Football, lacrosse, yoga. Joe Kudla was game for almost any sport and fitness regimen, but in 2008, after years of beating himself up playing contact sports, 40-year-old Kudla decided to take up yoga. But he soon discovered that he couldn’t find much to wear.

I learned that out of the 17 million people doing yoga, more then six million of them were men. Yet there was not one single yoga brand targeting that market.” says Kudla

To put the numbers in perspective, surfing which is an activity enjoyed by roughly 17-20 million surfers world-wide are served by more then 90+ clothing brands. After Kudla did some quick napkin math, saved and borrowed roughly $300,000 from family, friends and the bank and, in 2014, he launched his startup Vuori (“mountain” in Finnish), to produce men’s yoga clothing.

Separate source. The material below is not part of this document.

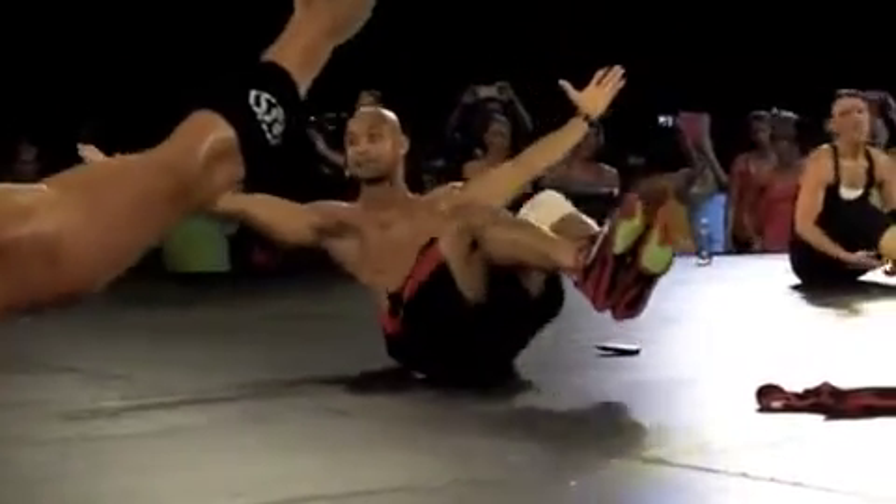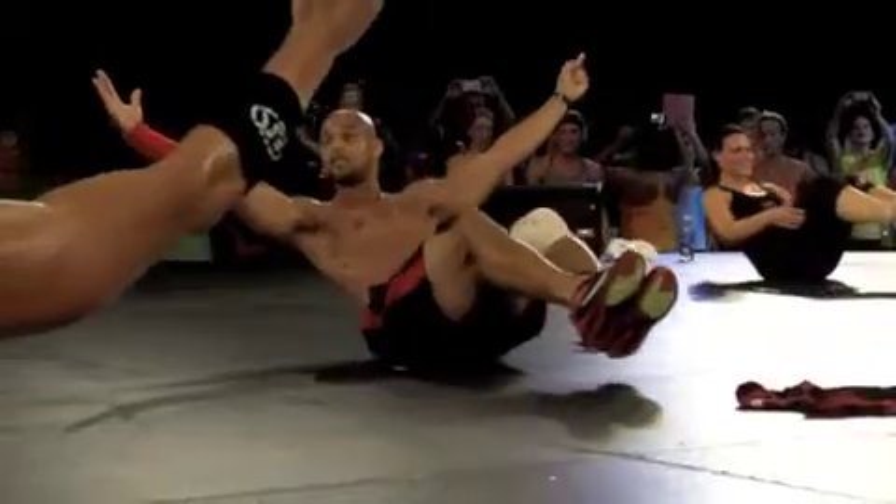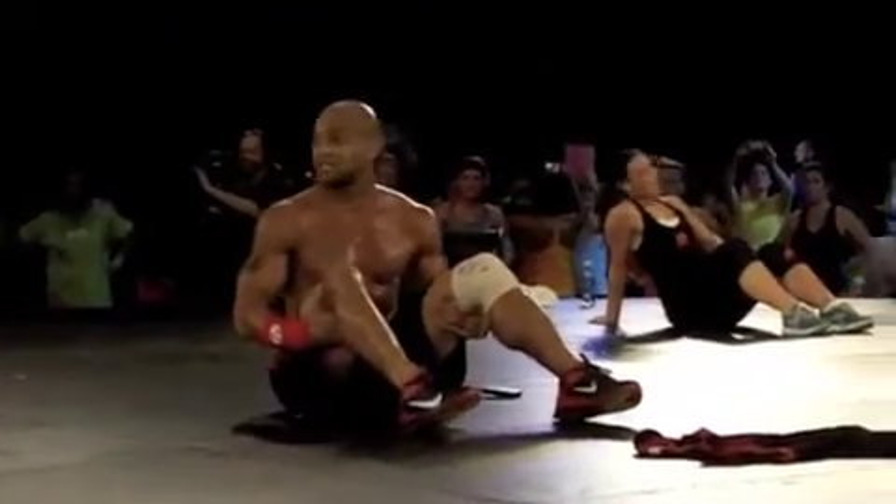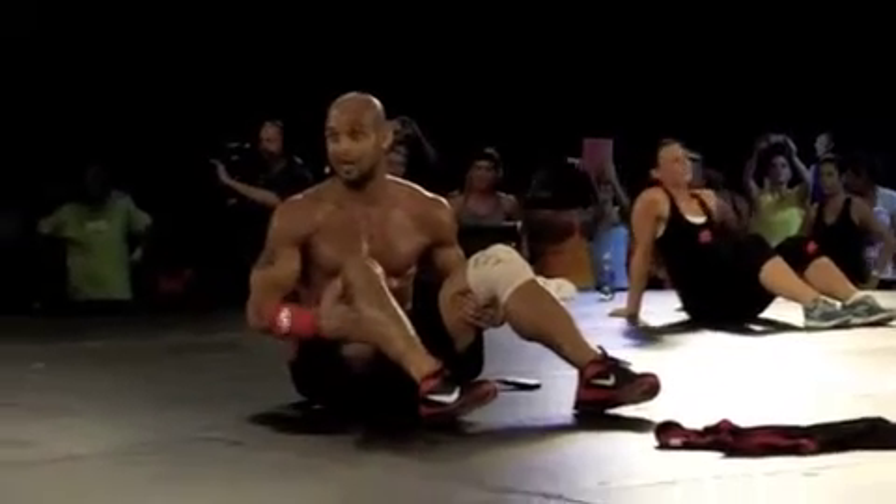Knees in and out for five times. Listen, and then you go back to one — six rounds. Get down, let's go.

The original plan was to create clothes to move and sweat in, but styled for everyday life, like Lululemon and others had done for women. We were the only one entering a growing niche. Textbook marketing, right?”

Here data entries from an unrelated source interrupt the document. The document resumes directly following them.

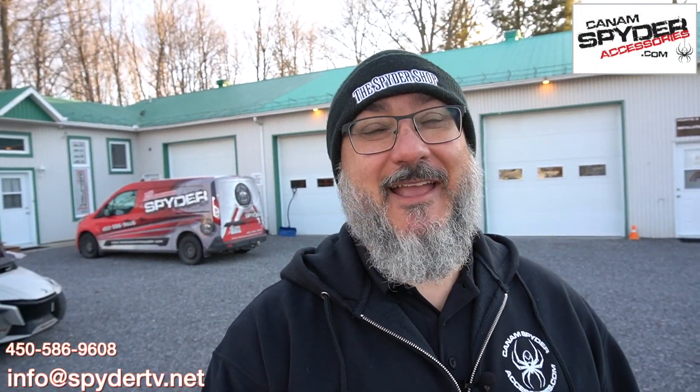Hey guys, my name is Pierre from Can-AmSpiderAccessories.com and welcome to The Spider Shop. In today's video I wanted to show you the difference that a little splash of color can make on your Can-Am Spider.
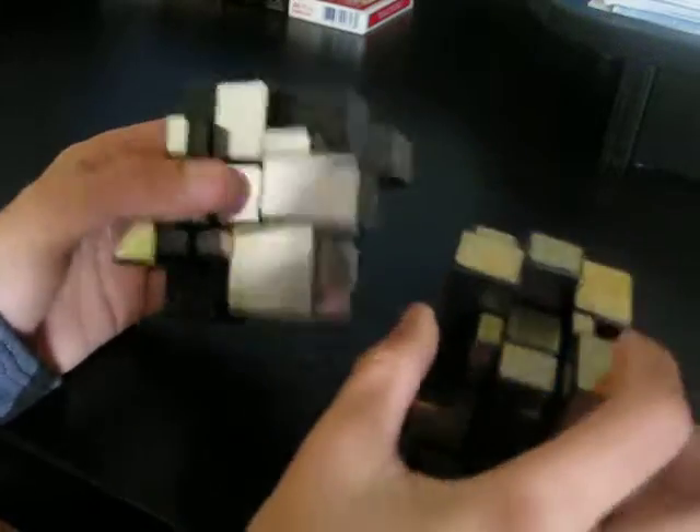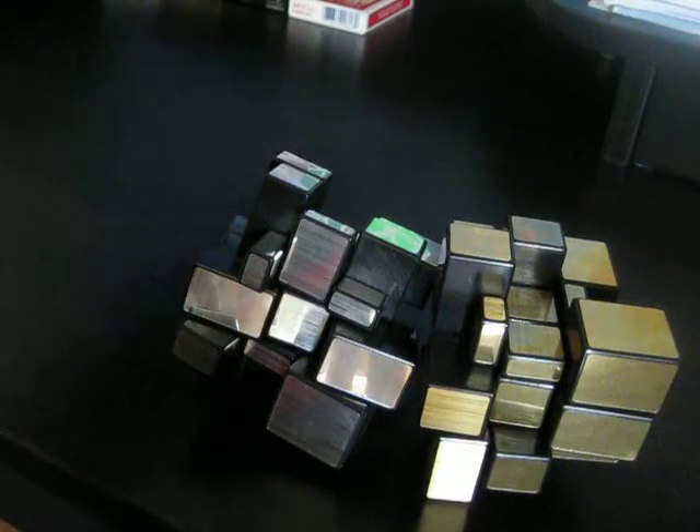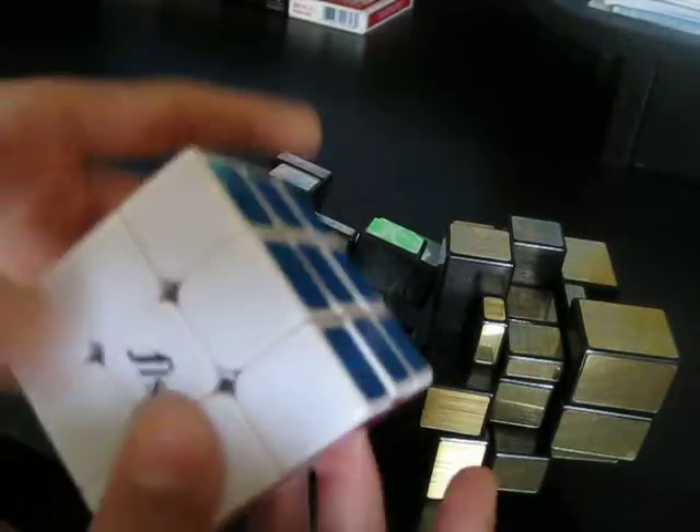The way you solve this is actually exactly the same as a regular 3x3, except instead of doing it by colors, you solve it by how tall or thick the edges are. Like this really thin piece — it lines up exactly with this center, so they're the same height, which means they're from the same side.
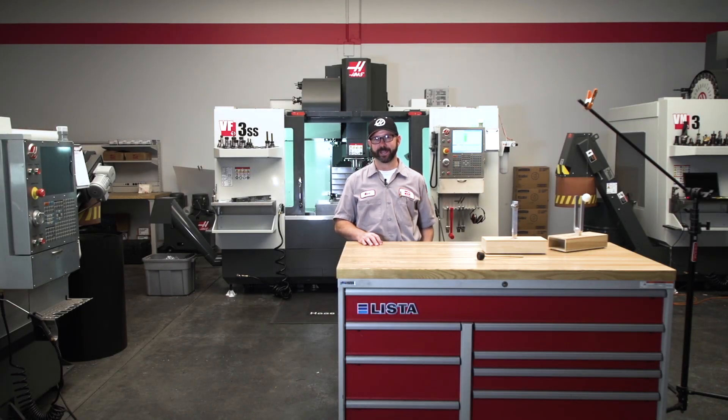Hello and welcome to another Haas Tip of the Day. Right now we're gonna cover mill chatter and give you some general tips on how to avoid it. If you stick around to the end of the video, we're gonna show you what these tuning forks are for.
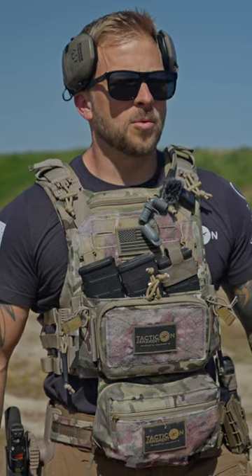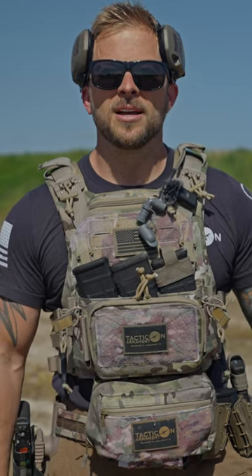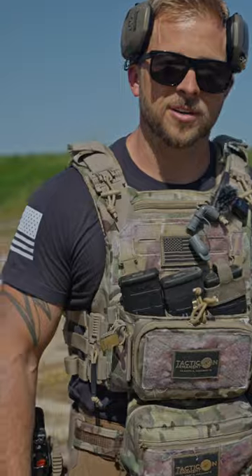It just shows how much we need to train after we get ourselves out of breath — it is just completely different with our fundamentals. When we actually put ourselves in a situation where the adrenaline is pumping, I mean, props to that dude for being in a high-stress environment and dropping a dude at 40 yards. It's just incredible. It really is.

Wrong. Though Vuori’s designs and garments won hi-fives from specialty yoga retailers, sales were very slow and soon he was burning through cash. Joe needed to figure out why his assumptions about his customers were so off base. So he wrote a questionnaire and emailed it to every single person who had ever bought from Vuori’s website.

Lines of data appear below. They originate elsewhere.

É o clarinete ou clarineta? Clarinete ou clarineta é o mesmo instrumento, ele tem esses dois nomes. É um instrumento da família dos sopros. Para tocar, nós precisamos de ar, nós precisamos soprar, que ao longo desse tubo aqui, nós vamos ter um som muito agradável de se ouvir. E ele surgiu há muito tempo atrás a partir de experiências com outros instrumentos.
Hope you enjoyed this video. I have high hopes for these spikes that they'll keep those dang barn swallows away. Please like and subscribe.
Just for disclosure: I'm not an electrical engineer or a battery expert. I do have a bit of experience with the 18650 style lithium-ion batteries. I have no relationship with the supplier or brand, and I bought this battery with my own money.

Among dozens of questions, such as what denim brands they favored and what activities they enjoyed, he asked them to list the occasions for which they wore Vuori. What came back shocked him.

"Our customers weren’t using their Vuori gear for yoga. Running, which we’d never even thought about, was the #1 activity. Yoga was far down the list. Our ‘pivot or die’ moment was when we realized that while female consumers might want to identify as yogis, men really don’t. Our men customers identify as surfer guys or crossFit guys, for which yoga is just another tool used to supplement their overall fitness regimen.”

Turns out he also misunderstood how complex the retail space can be.

"Most guys, don’t want to hang out at a yoga studio and shop. They get in and they get out; they don’t stick around.”

All this forced Kudla to learn a valuable entrepreneurial lesson. As a new brand, you should never make concrete assumptions about your potential future customers. As your brand and products grow, you need to always be aware and flexible in noticing trends and analyzing the data that you are gaining from each customer.

People liked the Vuori product, but the narrow scope of marketing and selling it only too male yogis was tying it too closely to one activity choking its potential true market value.

Since the end of 2015, Vuori is no longer just a male yogi clothing brand. They have been repositioning as activewear, designed with West Coast daily life in mind and letting the customers choose where they want to wear the stuff. The young brand now celebrates versatility, categorizing its clothing as "lounge,” “travel” and “training.

In coastal California, people are going to yoga in the morning, surfing in the afternoon and then meeting friends. It’s aspirational coastal California performance clothing.”

This new go-to-market strategy is working. Kudla is anticipating 125 percent sales growth this year. Next year, revenues should climb to between $30 million and $50 million. Vuori’s footprint is also expanding beyond their ecommerce store with brick and mortar retailers coast-to-coast ranging from REI to Nordstrom, surf shops, running retailers, and fitness clubs.